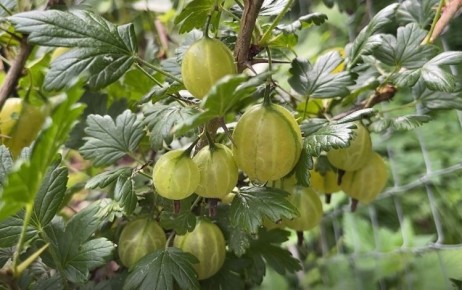 ������ ������� ����������� ����������: ������� ��� ��������� ������� ��� ���������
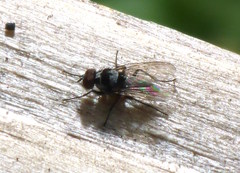 Anthomyia oculifera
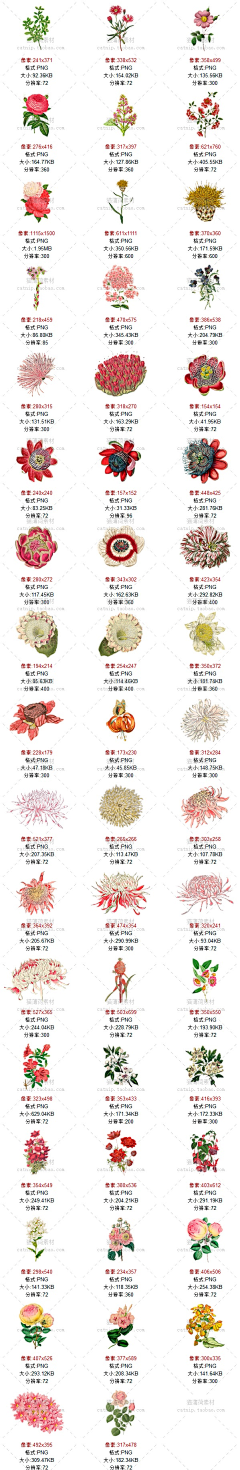 珊琦采集到国外手绘植物花朵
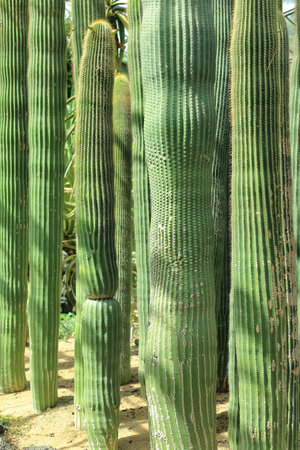 Cacti in the desert that grew tall like a forest of buildingsの写真素材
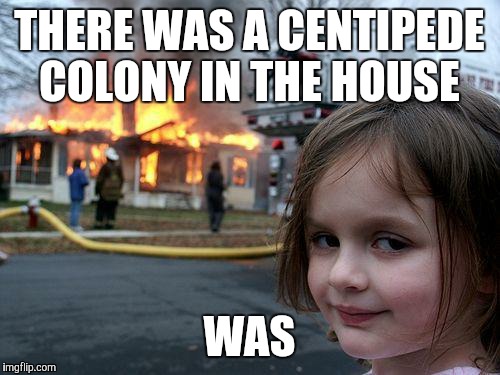 Disaster Girl Meme | THERE WAS A CENTIPEDE COLONY IN THE HOUSE; WAS | image tagged in memes,disaster girl | made w/ Imgflip meme maker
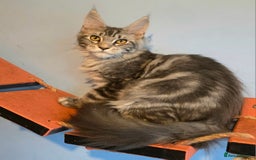 Maine Coon cats for sale: Ready to go!  Stunning Mainecoon Kittens  - Image 7
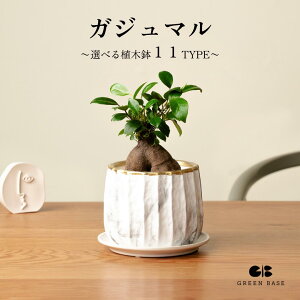 【楽天1位 | 11種類から選べる鉢】ガジュマル 4号 小さくて初心者でも育てやすいミニ観葉植物! 観葉植物 鉢 鉢付き 鉢植え インテリアグリーン 室内 おしゃれ 初心者 育てやすい 小さい植物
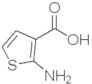 2-Amino-3-thiophenecarboxylic acid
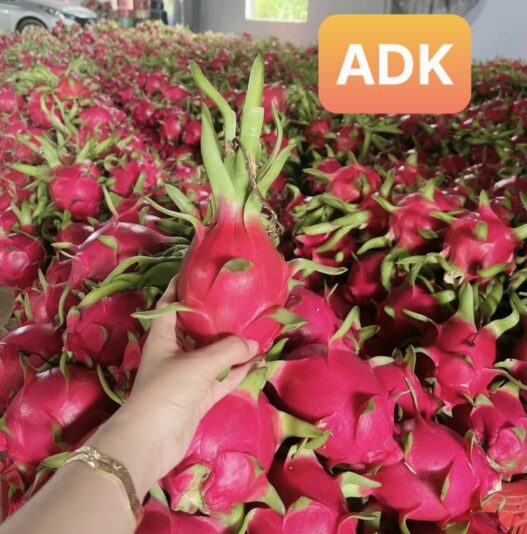 z3312032876128_3df5c4362b76e720f83a4b65303c2c72 - Copy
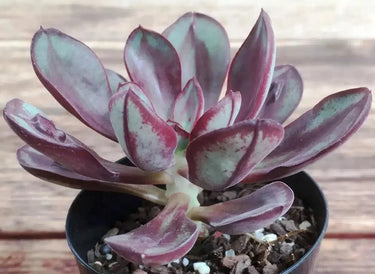 Echeveria ‘Benitukasa’ succulent with pastel minty-lavender and pink rosettes resembling a sunset glow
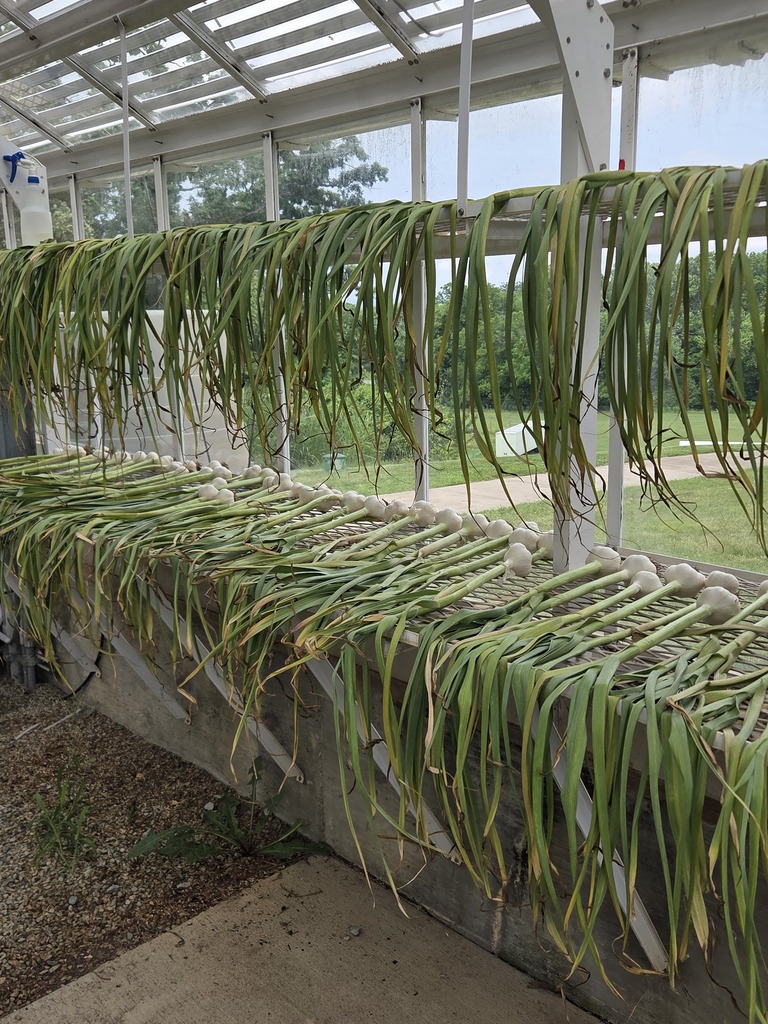 Rows and rows of garlic hanging in a green house.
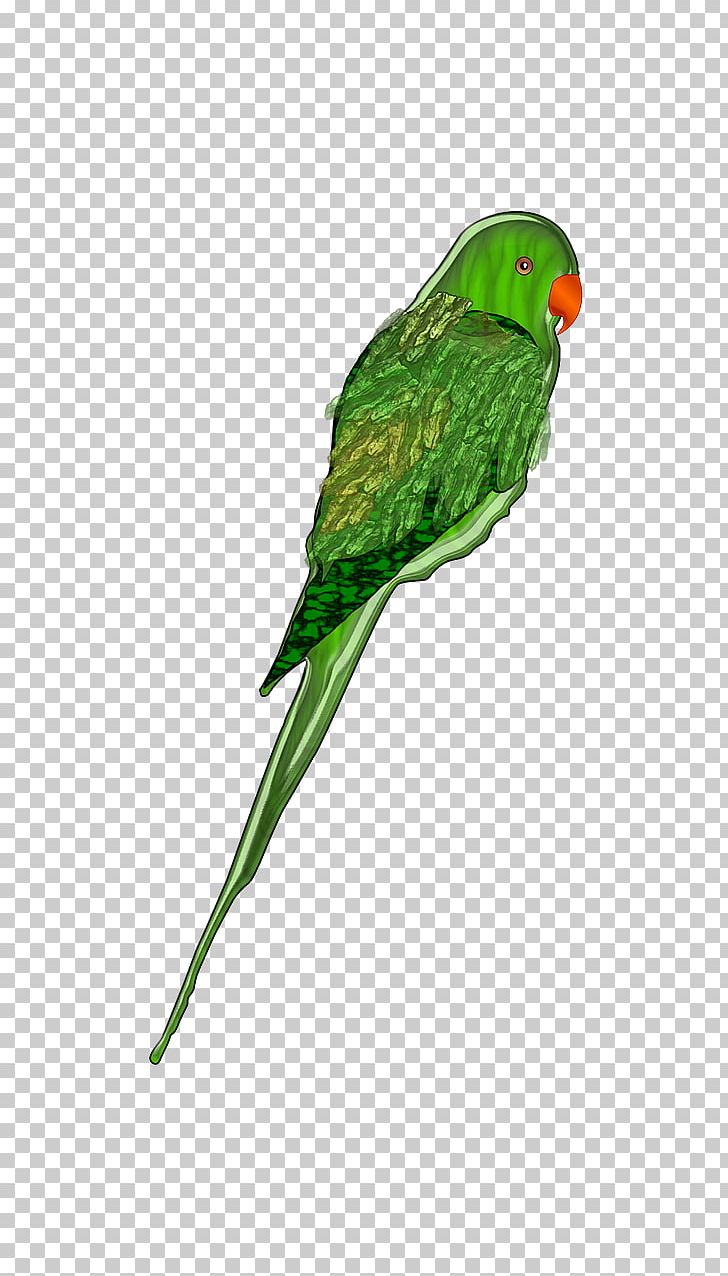Parrots Of New Guinea Bird PNG, Clipart, Animals, Background Green, Beak, Birds, Common Pet Parakeet Free PNG Download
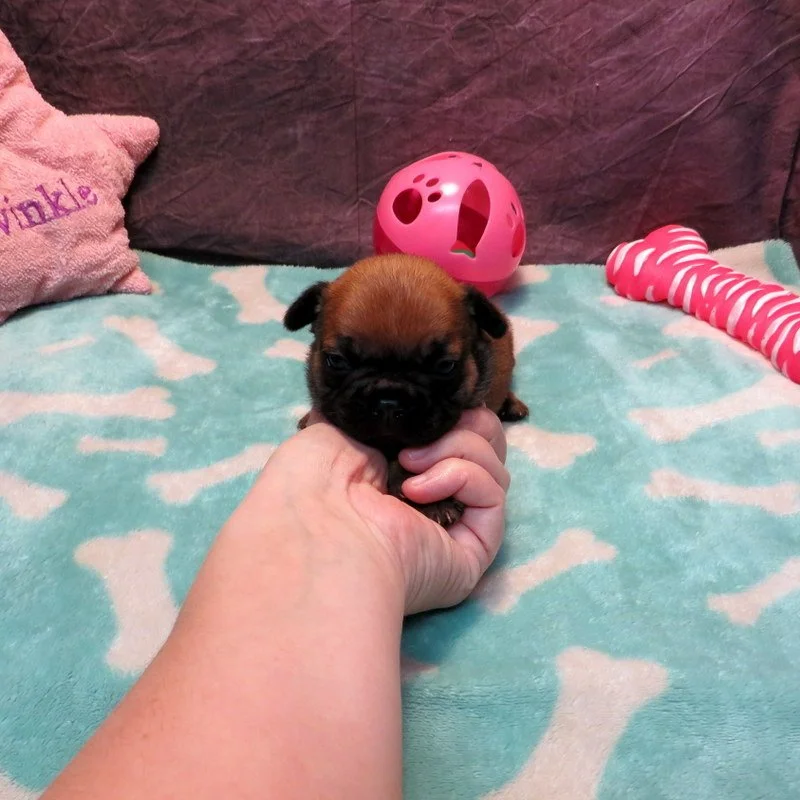 Rose and Remington Girl #1

On hold for our breeding program

Dark Red Fawn ~ DOB: 12-9-25 ~ 10 weeks old on 2-17-26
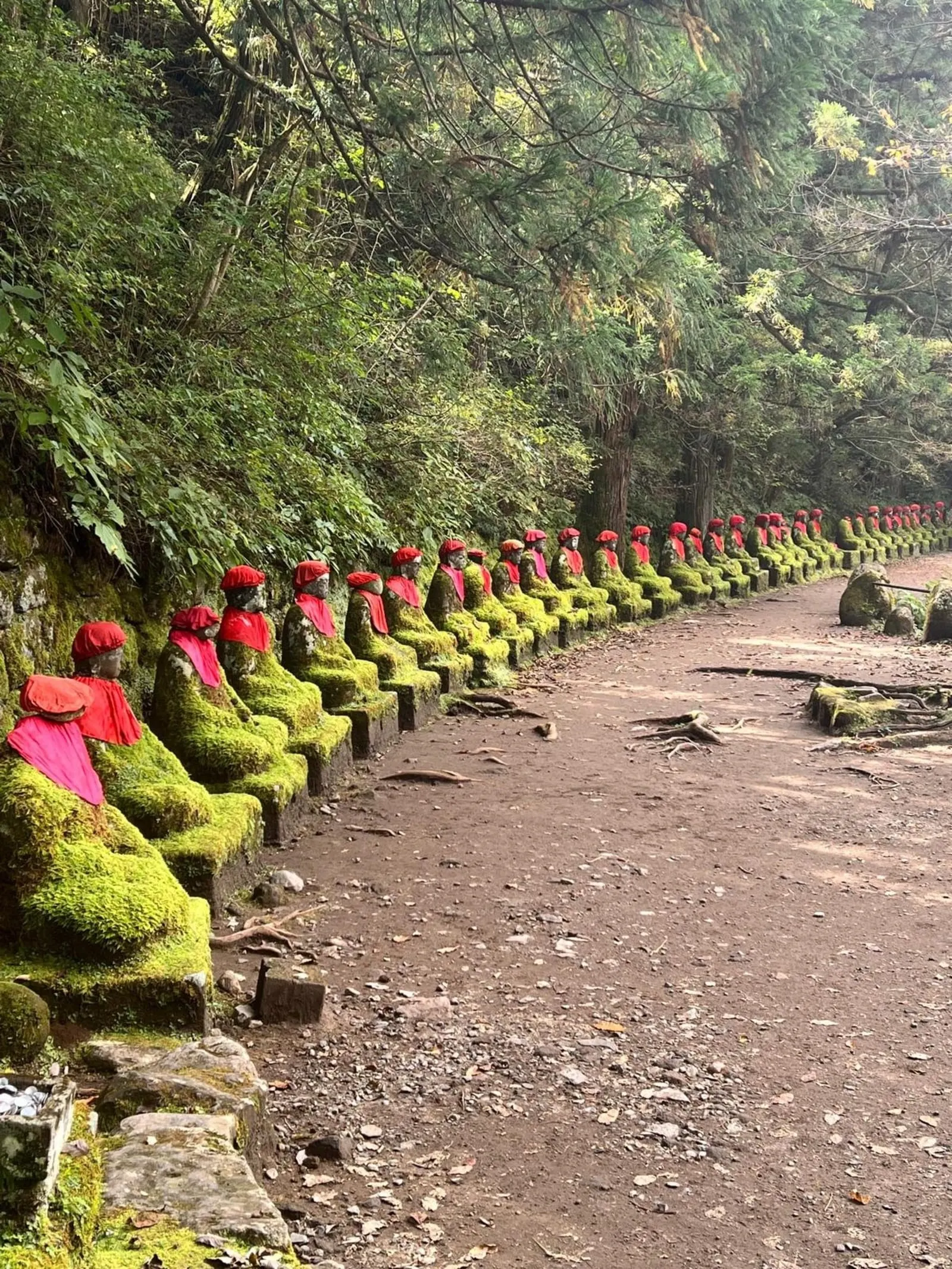 The row of moss-covered Narabi Jizo statues in red caps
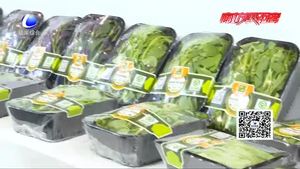 河北现代农业展：展示蓬勃发展中的河北现代农业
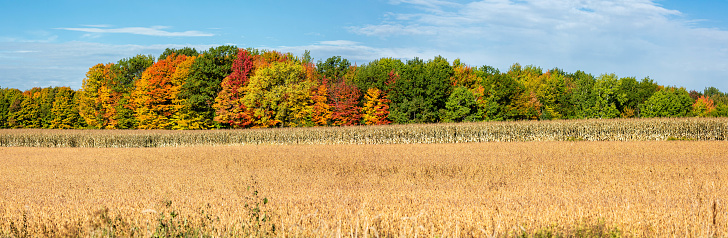 Wisconsin corn, soybeans and colorful autamn trees in October, panorama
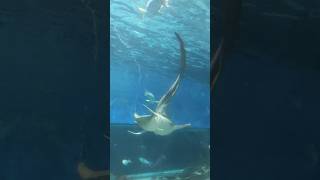 Oceanarium  Inside the Manila Ocean Park  Gree Vlogs [upl. by Annuaerb904]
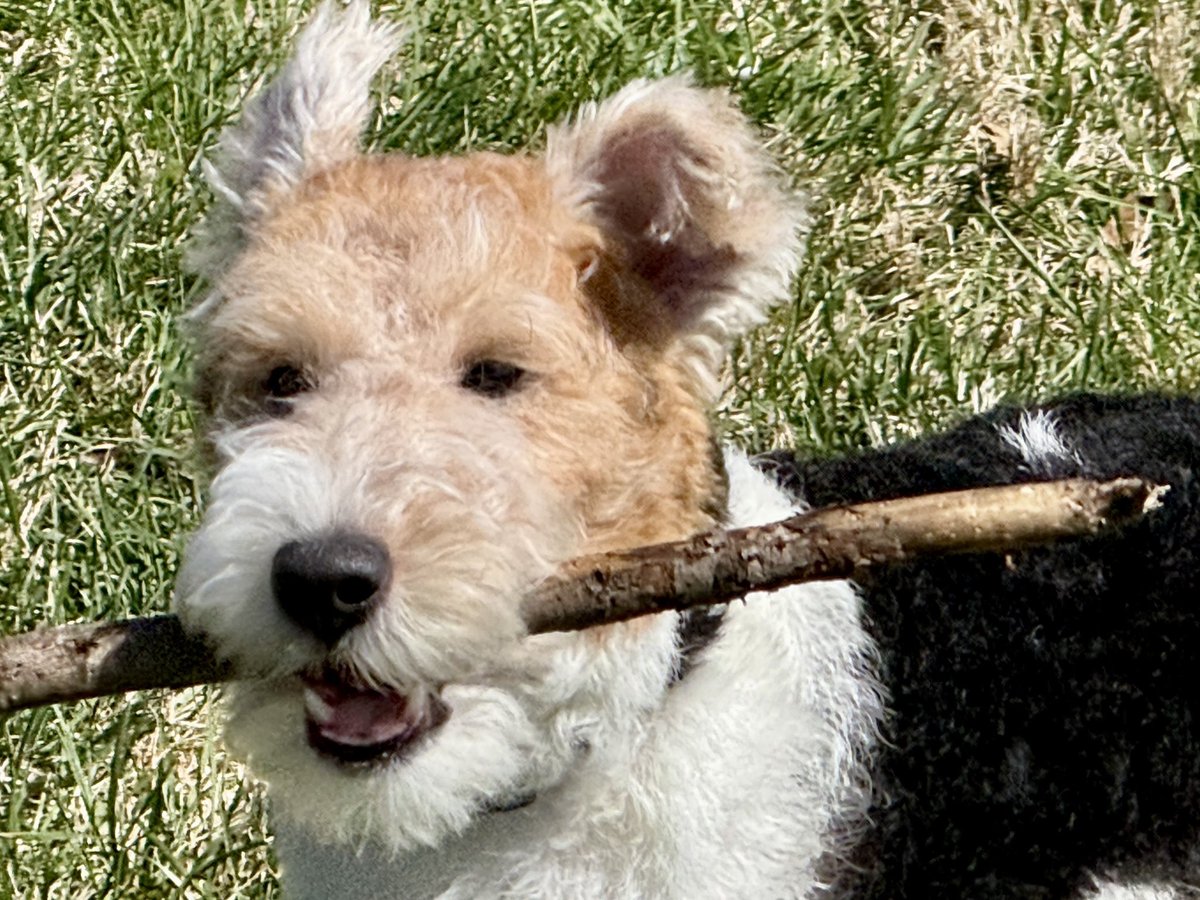 PastorShan tweet media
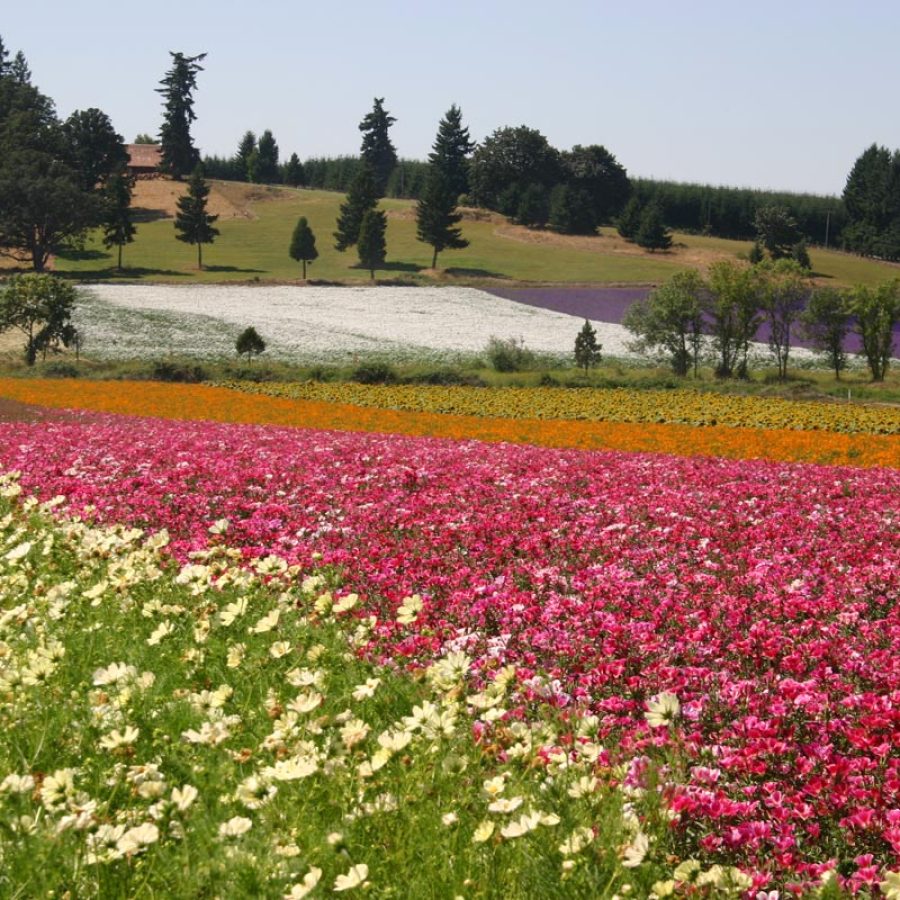 Silverton Wildflower Tours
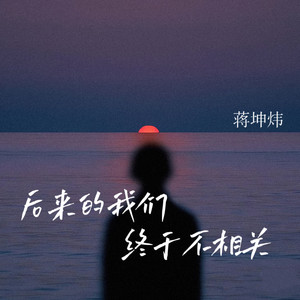 后来的我们终于不相关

________________________

▶ **WHAT TO PRODUCE**: Set the pictures aside and transcribe exactly the stretch of lines above, beginning with the one holding "Cacti in the" and ending with the one holding "Wisconsin corn, soybeans".

▶ **ANSWER**:
 Cacti in the desert that grew tall like a forest of buildingsの写真素材
 Disaster Girl Meme | THERE WAS A CENTIPEDE COLONY IN THE HOUSE; WAS | image tagged in memes,disaster girl | made w/ Imgflip meme maker
 Maine Coon cats for sale: Ready to go!  Stunning Mainecoon Kittens  - Image 7
 【楽天1位 | 11種類から選べる鉢】ガジュマル 4号 小さくて初心者でも育てやすいミニ観葉植物! 観葉植物 鉢 鉢付き 鉢植え インテリアグリーン 室内 おしゃれ 初心者 育てやすい 小さい植物
 2-Amino-3-thiophenecarboxylic acid
 z3312032876128_3df5c4362b76e720f83a4b65303c2c72 - Copy
 Echeveria ‘Benitukasa’ succulent with pastel minty-lavender and pink rosettes resembling a sunset glow
 Rows and rows of garlic hanging in a green house.
Parrots Of New Guinea Bird PNG, Clipart, Animals, Background Green, Beak, Birds, Common Pet Parakeet Free PNG Download
 Rose and Remington Girl #1

On hold for our breeding program

Dark Red Fawn ~ DOB: 12-9-25 ~ 10 weeks old on 2-17-26
 The row of moss-covered Narabi Jizo statues in red caps
 河北现代农业展：展示蓬勃发展中的河北现代农业
 Wisconsin corn, soybeans and colorful autamn trees in October, panorama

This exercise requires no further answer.